1024 時間を稼げ
ジェインが開放したネクロノミコンの能力は、過去の神剣使いの英霊を召喚するだけではなかった。
「出でよ! 出でよ! 出でよっ! 黄昏に蠢く亡者どもよ! 死を抱きし軍団よ!」
ジェインによって100体を超えるハイ・ゴーストが召喚されていく。それぞれが魔術を扱う上位種であり、物理攻撃では倒されない物理透過能力を持つ。さらに、ジェインの指揮の下、儀式魔術すら扱うのだ。
そんな凶悪な死霊たちが、ネクロノミコンやソフィの魔曲で強化されている。1体1体が脅威度Bクラスの強さがありそうだった。
ソフィはもう隠す余裕もないのか、普通にオラトリオを開放している。イザリオたちが現れたことで、勝負どころであると理解したのだろう。ソフィを護衛するように、メアやヒルト、ゼフメートにコルベルトの姿もある。あの凄まじい落下攻撃も、耐えきったらしい。
死んではいないだろうと思っていたが、元気なようでなによりだ。
イザリオの火炎とジェインのハイ・ゴースト。そしてソフィの支援を受けたメアたちや兵士、冒険者たちの攻撃で、巨大抗魔の肉体が少しずつ削られていく。神剣3本が協力することで、大技を放たずとも抗魔の再生力を上回っているのだ。
特に凶悪なのが、イザリオの操る炎だろう。純粋な攻撃力に秀でているだけあり、抗魔の体を少しずつ灰に変えていた。
だが、イザリオが万全の状態なのかと言えば、そうではない。
(イザリオ。レベル下がってる?)
『ああ。明らかに動きが遅くなってるな』
イザリオは長時間の神剣使用で、レベルがかなり下がってしまっているようだ。これ以上の無理は、本当に命に関わるだろう。
それに、ジェインも心配だ。
「あはははは! 全力で潰してあげる!」
一見、ハイテンションで絶好調に見えるが、顔色が悪い。元々青白く見える肌の色をしているが、今は蒼白と言ってもよかった。
「ジェイン、へいき?」
「もうちょっとはね! でも、案外硬くて、ワタクシちょっと大誤算?」
ちょっとなの? 大なの? どちらにせよ、想定以上に巨大抗魔が硬いということらしい。

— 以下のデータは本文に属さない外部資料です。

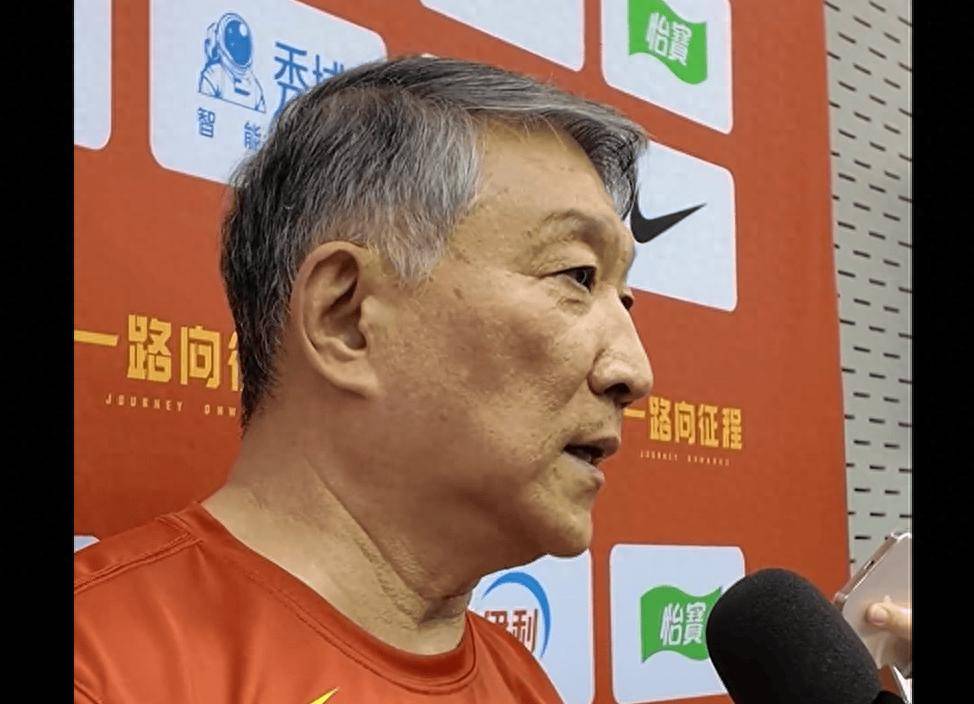 中国女篮阵容继续调整，内线发生变化最大，四大中锋只留三个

ジェインは軽く言っているが、神剣の消耗はかなり激しいはずだ。
「やはり、私が――」
「まあまあ、お待ちなさいな。さっきも言ったでしょう? ワタクシたち大人に任せておきなさいって。子供を続けて犠牲にしたとあっては、魔王の名が廃るのよ」
再びベルセルクを構えようとしたアジサイを、ジェインが止める。
「見ていなさい。我が国の至宝、ネクロノミコンの奥の手を! まあ、ちょっと時間かかるけど」
アドルの邪神斬りのような、奥の手を持っているようだ。ネクロノミコンの放つ神気が、段々と強さを増していく。
アジサイが死ぬのも止めたいが、ジェインに死なれてもフランは悲しむだろう。無茶はしないで欲しいが、そうも言ってはいられない。
深淵喰らいからの魔力供給によって、再生速度が初期よりも格段に上昇しているようなのだ。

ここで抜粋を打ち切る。